Dan Morehead: (23:24)
And the bitcoin maximalist in you would lead me to point out that other things in the blockchain space are massively outpacing bitcoin. We're very bullish on bitcoin but other things have done well. Ethereum's up almost 200% year-to-date. So the blockchain space is really surging. Kind of a good mix of all the assets is a fund we run that invests in all the major currencies, trades them on a long short basis, it's up 122% this year. So the market is ripping. In the next couple years we'll probably see more of that.

Brett Messing: (23:59)
Right.

Michael Sonnenshein: (23:59)
I think, I've been through quite a few bubbles and bursts in the bitcoin price. And if you kind of look at the repetitive nature of this, bitcoin kind of goes through these big bubbles, it bursts, it kind of bases for a while, and then kind of makes its next move. I think certainly one thing that we probably would not want to see is just one of these parabolic moves out of nowhere because they're just not sustainable and they don't necessarily inspire a ton of investor confidence. But typically, when you see bitcoin going through this kind of range-bound time where it is now, flirting between kind of $10,000 and $12,000, it usually predates a pretty dramatic move in the bitcoin price, either to the upside or to the downside. And I think one of the reasons why we're seeing a period of more sustained price movement just kind of being in this range bound area really has to do with the development of a much healthier two-sided market.

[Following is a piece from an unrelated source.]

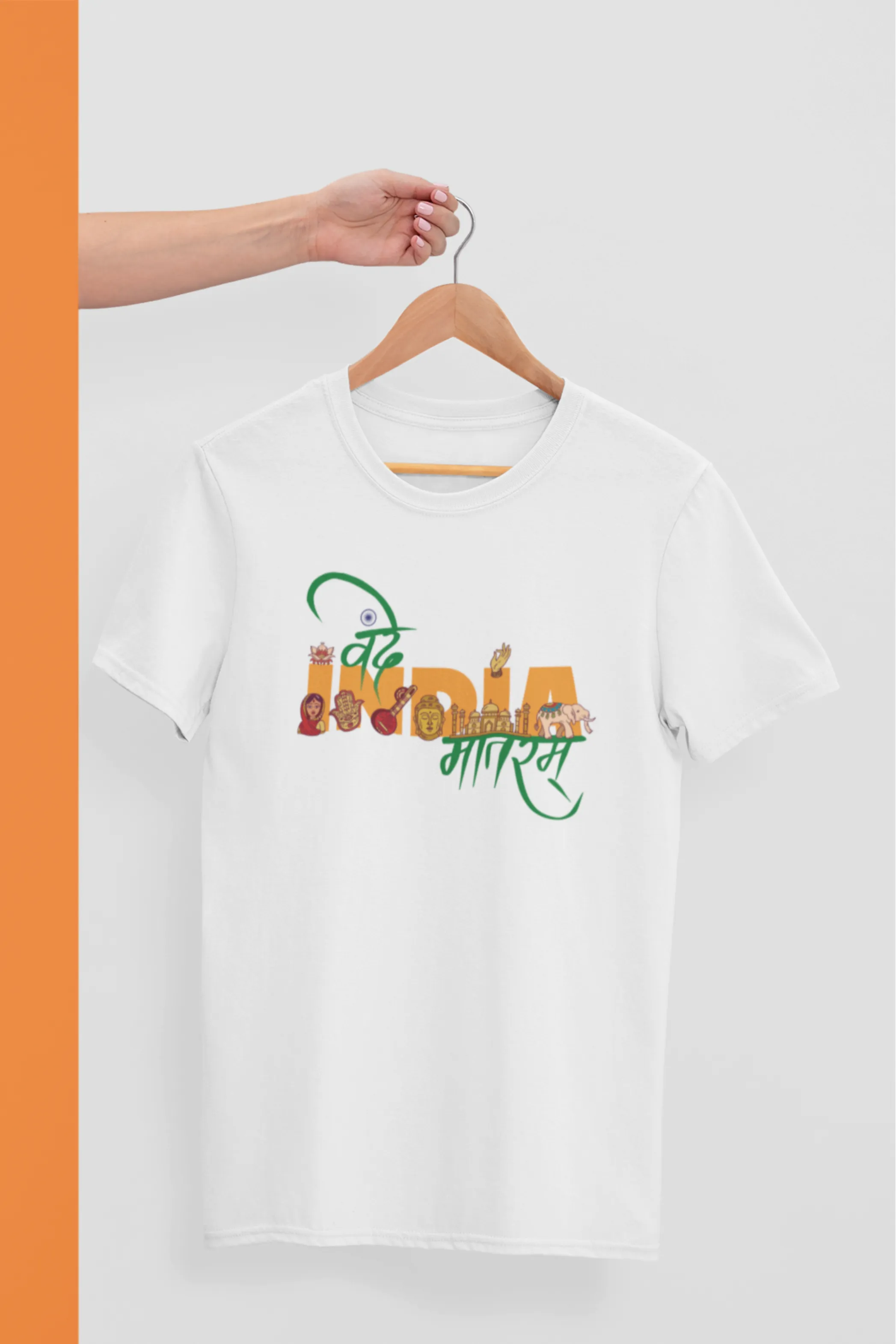 Vande Mataram In Monumental Style White Printed T-shirt for men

Michael Sonnenshein: (25:01)
One of the things that I think has been a catalyst to draw a lot more investors into this asset class is the development of the derivatives market around digital assets, bitcoin and others are really healthy lending and borrowing market, the ability for folks to short. I mean, a lot of the institutions that we deal with would not be making their bitcoin investments in the way or the magnitude that they are if they weren't having the ability to put on a bonafide hedge against those positions. And that really again speaks to kind of the build out of the infrastructure. And to Dan's point, whether it's custodianship, the development of the futures on CME Group, what Bakkt is doing at NYSE, all of these are really important developments.

Brett Messing: (25:46)
Mm-hmm (affirmative). No, it feels like it's grown up a lot. In addition, you have very big four accounting firms willing to write audits about it, and Microstrategy and Square submitting SEC filings with it on their balance sheet, so I think it's interesting.

Brett Messing: (26:07)
It feels like more and more people are talking about it as digital gold. Dan, is that the right way to think about it, and does the macro trader in you like the idea of a long bitcoin short gold trade?

Dan Morehead: (26:20)
Oh yeah, I love that trade. Gold's been awesome for 5,000 years, but it's a little past its sell by date. And bitcoin is the 21st century version of gold. You can do everything the same as gold, is a fixed quantity. It's like the gold standard. But you can send it in one second to anyone anywhere on earth essentially for free, which is different if you have a lot of your savings as a brick of gold in a vault in Zurich. So digital gold is one of the many use cases of blockchain. Bitcoin's fantastic version of that. And you're seeing it in countries. Like China used to be one of the largest importers of gold. It's now one of the largest importers of bitcoin. It's just a great way to store your wealth, get it out of banking systems that might be suspect.

Dan Morehead: (27:05)
So I think one of the great use cases of bitcoin is digital gold. And with all the money printing that's happening right now, it's very much front and center all the gold bugs that I know are at least shifting some of their assets into bitcoin. And you mentioned Paul Tudor Jones. He wrote his investor letter a few months ago. It reminds him of gold in the '70s. And I think that's a great analog that in the '70s we were heading into a period of very high global inflation. The US even had the long bond go to 13%, and gold performed very well. I think we have even bigger version of that now.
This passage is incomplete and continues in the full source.